## [DATA SUPPLIED]
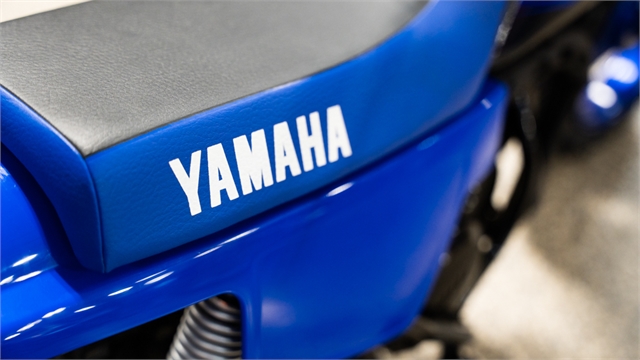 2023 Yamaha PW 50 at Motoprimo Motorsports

---

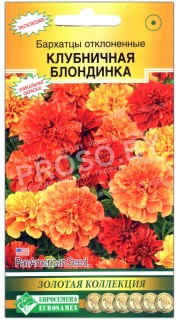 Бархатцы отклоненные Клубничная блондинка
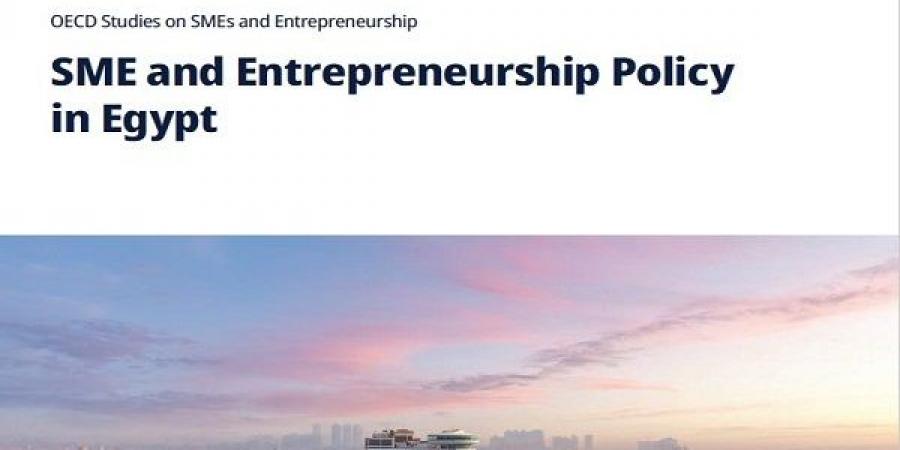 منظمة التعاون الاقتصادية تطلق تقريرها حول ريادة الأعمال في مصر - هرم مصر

## [ACTION ITEM]
Your answer should be the lines above, word for word, from the line with "Бархатцы отклоненные Клубничная блондинка" through the line with "منظمة التعاون الاقتصادية تطلق", minus the pictures.

## [EXERCISE RESULT]
 Бархатцы отклоненные Клубничная блондинка
 منظمة التعاون الاقتصادية تطلق تقريرها حول ريادة الأعمال في مصر - هرم مصر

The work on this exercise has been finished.